[Given records — start]
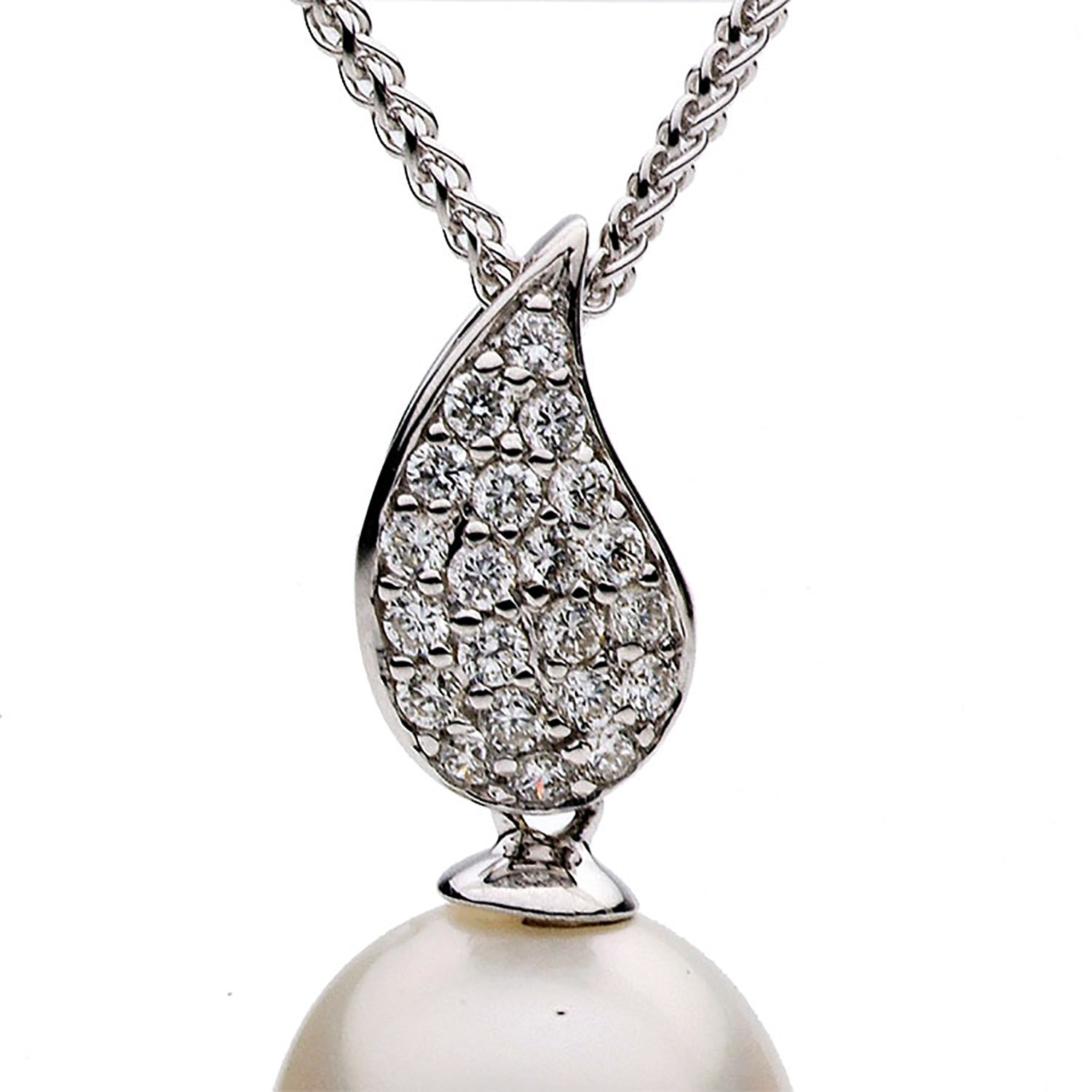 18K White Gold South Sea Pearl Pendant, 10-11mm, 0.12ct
[Given records — finish]
[Given records — start]
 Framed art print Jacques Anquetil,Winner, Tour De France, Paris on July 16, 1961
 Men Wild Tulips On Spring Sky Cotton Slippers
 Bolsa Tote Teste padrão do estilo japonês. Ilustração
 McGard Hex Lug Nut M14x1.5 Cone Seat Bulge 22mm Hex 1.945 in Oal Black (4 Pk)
[Given records — finish]
| Requirement |
In the entries above, the lines from the one bearing "Men Wild Tulips" up to and including the one bearing "McGard Hex Lug" should be transcribed exactly; no other line is wanted.

| Result |
 Men Wild Tulips On Spring Sky Cotton Slippers
 Bolsa Tote Teste padrão do estilo japonês. Ilustração
 McGard Hex Lug Nut M14x1.5 Cone Seat Bulge 22mm Hex 1.945 in Oal Black (4 Pk)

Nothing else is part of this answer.